I understand Frost's 2nd season at UCF was magical and I understand the returning starter at QB looks good, but...........

3-6 conference record last season, horrible defense, losing 1000 yard RB and 1000 yard WR

Frost's record with defense is shaky at best

did I mention horrible defense?

I wish I felt better about the team but I'd put the Huskers behind the Badgers, Wildcats, and Hawks until I see it with my own eyes.  and possibly Purdue
Yeah, but sometimes it just comes down to talent, and Nebraska is ranked 20th in a weighted 4-year recruiting ranking, first in the B1G west over Wisconsin at 28th. The rest of the B1G west is between 35th (Purdue) and 56th (Illinois).

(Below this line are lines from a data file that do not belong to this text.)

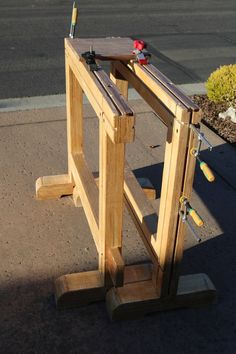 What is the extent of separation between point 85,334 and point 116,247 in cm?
54

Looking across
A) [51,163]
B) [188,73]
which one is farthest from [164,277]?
[188,73]

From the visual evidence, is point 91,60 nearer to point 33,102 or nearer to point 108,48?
point 108,48

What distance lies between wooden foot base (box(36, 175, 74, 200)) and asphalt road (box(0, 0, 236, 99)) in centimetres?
281

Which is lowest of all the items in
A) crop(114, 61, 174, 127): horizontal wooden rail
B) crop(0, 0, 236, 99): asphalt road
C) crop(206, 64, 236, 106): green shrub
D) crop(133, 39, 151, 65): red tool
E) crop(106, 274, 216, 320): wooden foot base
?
crop(0, 0, 236, 99): asphalt road

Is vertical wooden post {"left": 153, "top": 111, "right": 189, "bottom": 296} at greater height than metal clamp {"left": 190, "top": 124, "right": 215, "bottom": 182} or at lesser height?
lesser

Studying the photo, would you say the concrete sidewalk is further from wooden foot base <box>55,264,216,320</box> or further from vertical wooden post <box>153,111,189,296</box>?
vertical wooden post <box>153,111,189,296</box>

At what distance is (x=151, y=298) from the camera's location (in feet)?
9.27

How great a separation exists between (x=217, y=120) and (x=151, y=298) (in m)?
3.32

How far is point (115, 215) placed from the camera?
2703mm

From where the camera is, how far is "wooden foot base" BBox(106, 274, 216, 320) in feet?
9.20

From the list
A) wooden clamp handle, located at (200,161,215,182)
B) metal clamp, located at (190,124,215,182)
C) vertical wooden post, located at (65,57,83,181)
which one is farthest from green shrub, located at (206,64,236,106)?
wooden clamp handle, located at (200,161,215,182)

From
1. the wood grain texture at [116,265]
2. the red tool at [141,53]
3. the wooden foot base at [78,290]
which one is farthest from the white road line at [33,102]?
the wood grain texture at [116,265]

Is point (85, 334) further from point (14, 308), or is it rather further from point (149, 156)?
point (149, 156)

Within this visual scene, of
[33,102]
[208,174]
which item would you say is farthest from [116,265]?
[33,102] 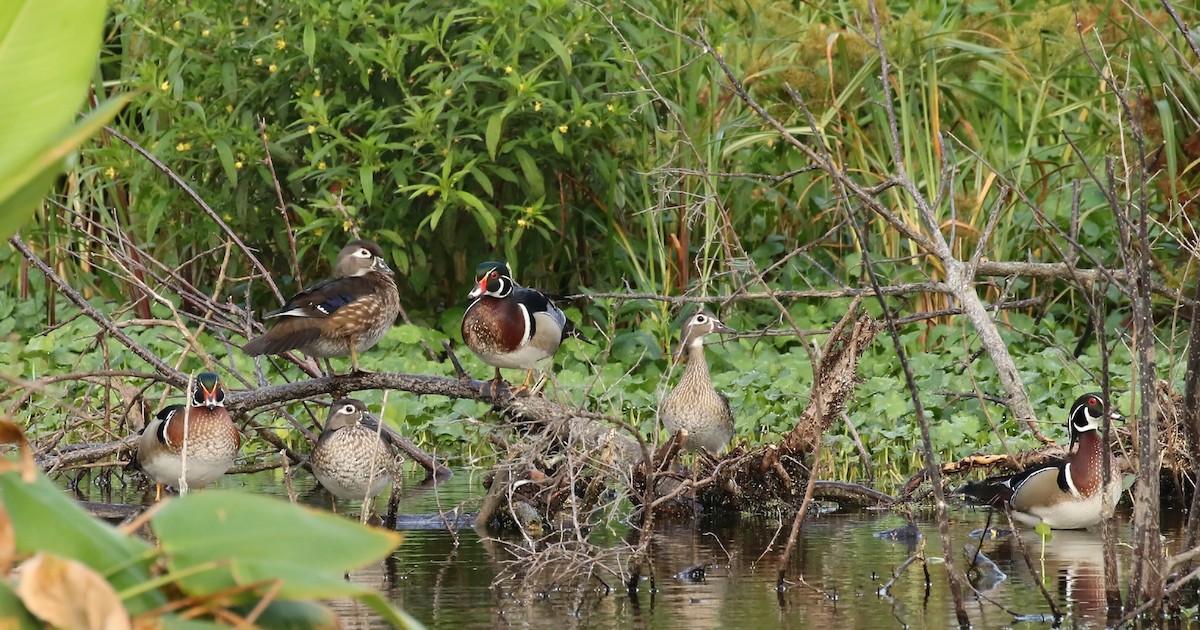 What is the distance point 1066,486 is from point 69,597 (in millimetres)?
5536

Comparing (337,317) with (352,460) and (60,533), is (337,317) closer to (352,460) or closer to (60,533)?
(352,460)

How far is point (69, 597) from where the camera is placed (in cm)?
131

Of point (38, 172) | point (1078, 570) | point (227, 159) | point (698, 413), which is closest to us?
point (38, 172)

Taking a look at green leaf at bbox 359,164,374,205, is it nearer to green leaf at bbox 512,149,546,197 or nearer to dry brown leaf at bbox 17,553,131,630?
green leaf at bbox 512,149,546,197

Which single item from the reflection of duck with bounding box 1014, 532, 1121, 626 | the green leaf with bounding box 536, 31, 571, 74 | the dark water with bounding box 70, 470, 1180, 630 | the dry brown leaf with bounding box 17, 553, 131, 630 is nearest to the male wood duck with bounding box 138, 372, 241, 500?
the dark water with bounding box 70, 470, 1180, 630

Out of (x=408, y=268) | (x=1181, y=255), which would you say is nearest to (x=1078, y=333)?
(x=1181, y=255)

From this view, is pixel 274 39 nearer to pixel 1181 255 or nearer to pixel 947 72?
pixel 947 72

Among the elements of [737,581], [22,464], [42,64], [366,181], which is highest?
[366,181]

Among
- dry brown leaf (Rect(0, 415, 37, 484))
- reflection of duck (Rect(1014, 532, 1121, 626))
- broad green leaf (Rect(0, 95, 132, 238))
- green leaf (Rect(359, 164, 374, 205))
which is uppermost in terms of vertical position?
green leaf (Rect(359, 164, 374, 205))

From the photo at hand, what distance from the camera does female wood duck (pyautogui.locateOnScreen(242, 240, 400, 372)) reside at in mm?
6457

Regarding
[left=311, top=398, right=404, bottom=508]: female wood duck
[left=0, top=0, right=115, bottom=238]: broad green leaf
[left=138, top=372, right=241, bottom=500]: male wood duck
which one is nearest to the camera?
[left=0, top=0, right=115, bottom=238]: broad green leaf

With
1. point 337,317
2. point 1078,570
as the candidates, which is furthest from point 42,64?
point 337,317

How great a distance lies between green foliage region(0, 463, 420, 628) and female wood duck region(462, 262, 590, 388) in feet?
16.9

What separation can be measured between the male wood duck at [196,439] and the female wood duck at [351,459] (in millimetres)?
379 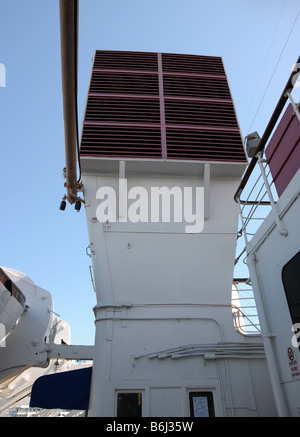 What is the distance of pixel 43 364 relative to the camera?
762cm

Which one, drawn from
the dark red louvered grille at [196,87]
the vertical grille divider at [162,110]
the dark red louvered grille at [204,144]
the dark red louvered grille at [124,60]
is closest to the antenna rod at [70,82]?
the vertical grille divider at [162,110]

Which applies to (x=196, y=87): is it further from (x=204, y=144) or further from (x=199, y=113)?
(x=204, y=144)

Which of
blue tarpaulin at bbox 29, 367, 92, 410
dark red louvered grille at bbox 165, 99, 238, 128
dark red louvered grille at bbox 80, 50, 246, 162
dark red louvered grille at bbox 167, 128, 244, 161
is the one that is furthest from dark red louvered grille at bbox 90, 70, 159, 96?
blue tarpaulin at bbox 29, 367, 92, 410

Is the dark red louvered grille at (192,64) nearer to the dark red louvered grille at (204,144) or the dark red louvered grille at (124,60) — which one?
the dark red louvered grille at (124,60)

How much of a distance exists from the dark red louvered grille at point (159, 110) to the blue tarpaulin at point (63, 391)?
3712 mm

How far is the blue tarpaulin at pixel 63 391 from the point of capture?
182 inches

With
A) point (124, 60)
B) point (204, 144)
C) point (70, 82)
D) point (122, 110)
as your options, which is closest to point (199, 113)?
point (204, 144)

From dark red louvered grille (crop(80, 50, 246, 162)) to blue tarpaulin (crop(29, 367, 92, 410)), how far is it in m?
3.71

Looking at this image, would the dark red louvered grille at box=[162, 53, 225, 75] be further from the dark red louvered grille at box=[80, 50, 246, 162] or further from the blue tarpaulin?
the blue tarpaulin

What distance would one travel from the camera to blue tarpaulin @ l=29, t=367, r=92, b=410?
4.62 metres

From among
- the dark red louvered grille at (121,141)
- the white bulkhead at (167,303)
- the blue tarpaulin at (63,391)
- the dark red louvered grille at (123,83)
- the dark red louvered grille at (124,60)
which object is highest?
the dark red louvered grille at (124,60)

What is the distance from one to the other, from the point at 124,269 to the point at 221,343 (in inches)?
76.7

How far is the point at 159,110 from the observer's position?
6.39m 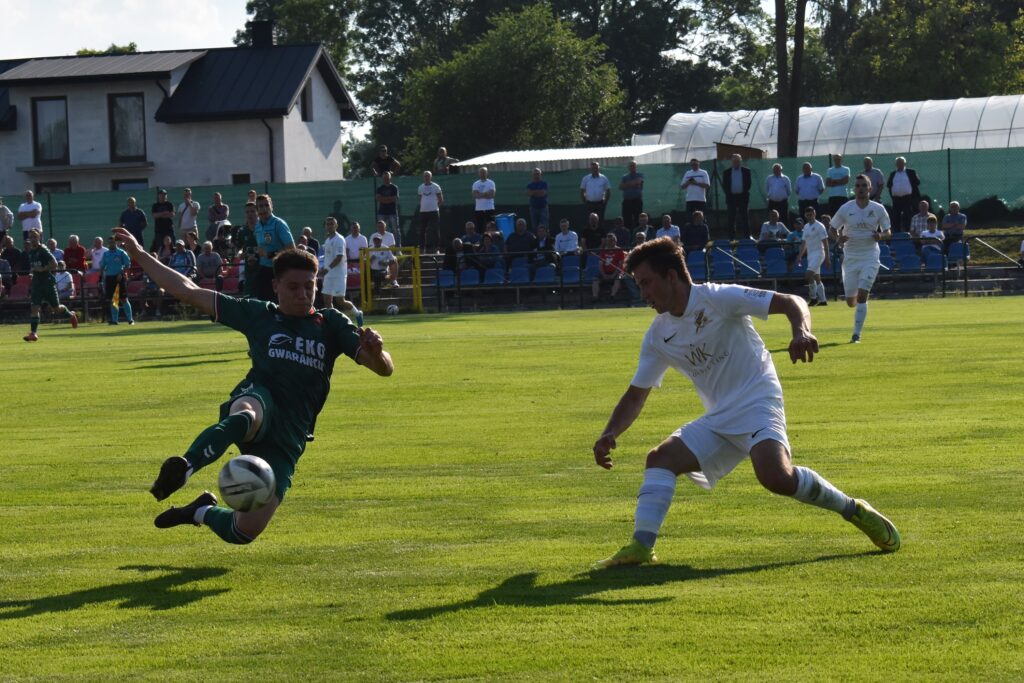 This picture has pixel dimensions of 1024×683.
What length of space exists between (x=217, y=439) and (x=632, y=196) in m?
29.3

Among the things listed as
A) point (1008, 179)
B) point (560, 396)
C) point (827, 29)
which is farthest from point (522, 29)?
point (560, 396)

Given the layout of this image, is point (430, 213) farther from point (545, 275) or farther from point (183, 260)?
point (183, 260)

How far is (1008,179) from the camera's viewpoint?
39219mm

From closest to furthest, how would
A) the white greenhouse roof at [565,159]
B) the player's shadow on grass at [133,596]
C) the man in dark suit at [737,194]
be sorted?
the player's shadow on grass at [133,596], the man in dark suit at [737,194], the white greenhouse roof at [565,159]

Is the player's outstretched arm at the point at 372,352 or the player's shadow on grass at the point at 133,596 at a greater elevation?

FYI I have some reasons to quibble with these rankings. I think they're too biased towards the most recent class when there are too many positions that it's hard to contribute as a true frosh. That said, I think the rough sketch that it draws is clear; Nebraska, for their recent failings on the field, still recruits talent. As long as Frost utilizes that talent well, the rest of the division fears that we've just awakened a sleeping giant, and filled him with a terrible resolve. 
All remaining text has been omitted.